Her three daughters were eight, 10 and 12 when she left them behind. They lived alone in two bare rooms in a building next to the goose pen on a former collective farm, around the corner from the pigpen. Olga, the eldest, braids her sisters' hair every morning, and she makes sheep's cheese once a week. Radu had been sending money to the girls' godfather, but he pocketed most of it.
Now Radu has returned to Moldova to pick up her daughters. They are standing in front of the heavy metal gate of the old collective farm, refusing to set foot inside one more time. "I never want to come back to this place," says Olga. Radu and her three daughters are about to board a bus for Modena, a city in northern Italy not far from Verona.
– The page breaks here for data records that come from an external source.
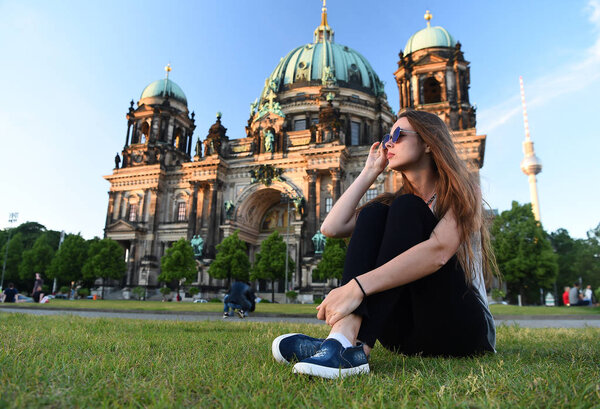 Pretty gil sitting in front of Berlin Cathedral wearing sunglusses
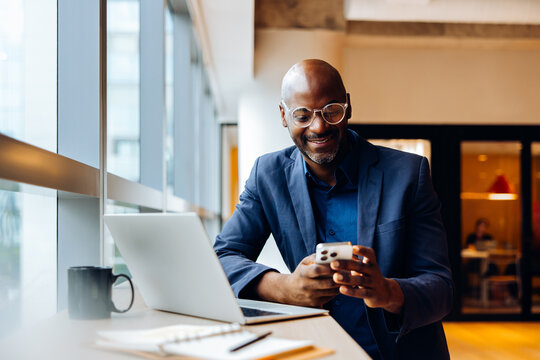 Man in an office wearing glasses working with phone and laptop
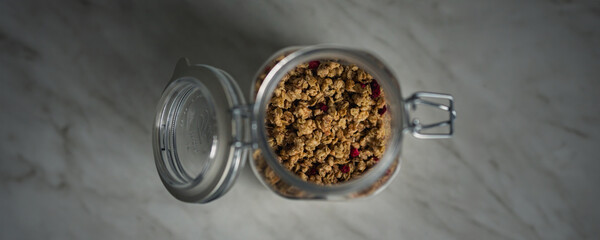 Granola in a jar. Homemade muesli with raspberries. Healthy eating concept
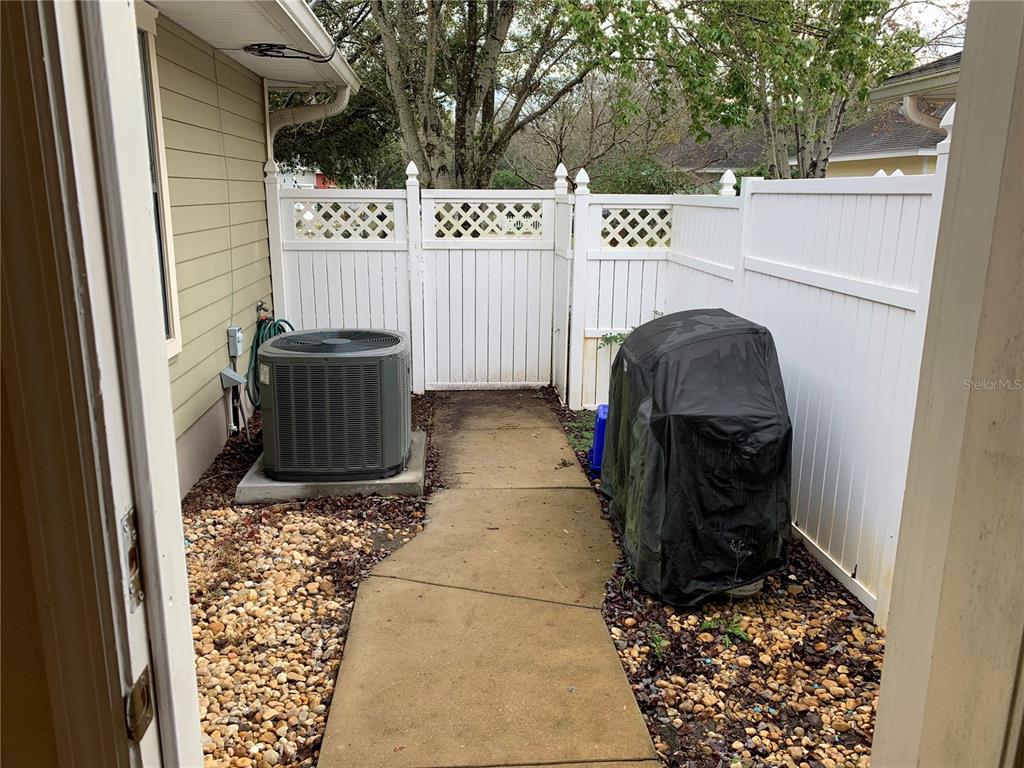 187 Southwest 129 Terrace Newberry, FL 32669 - Photo 26 of 39 a view of a pathway of a house with wooden fence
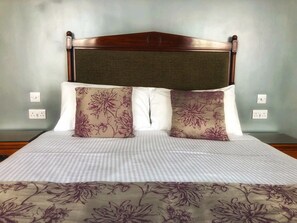 A bed with a wooden headboard, two floral-patterned pillows, and a striped bedspread.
Nadja Popa makes far too little to be able to support her daughters in Verona. Her employers applied for a residence permit for her three years ago. The permit was granted thanks to an amnesty Italy occasionally issues for illegal immigrants. Since then, she has traveled to Moldova for two weeks of vacation every year. This year, she attended her older daughter's school graduation ceremony. Popa isn't pleased with Anastasia's grades, convinced that her daughter could have done better in school. They drive to Chiinau together and buy a white dress. They can't stop touching each other. Anastasia says that she can hardly believe that her mother is with her. "I miss her, even though she's here," she says.
Popa is worried about Alexandra, who says very little, sits around and stares into space a lot. If she had to make the decision all over again, Popa says, she wouldn't leave her daughters alone. She is convinced that she has harmed them.
At 4:30 on a Saturday afternoon, Popa boards a nonstop flight on an Air Moldova flight from Chiinau to Verona.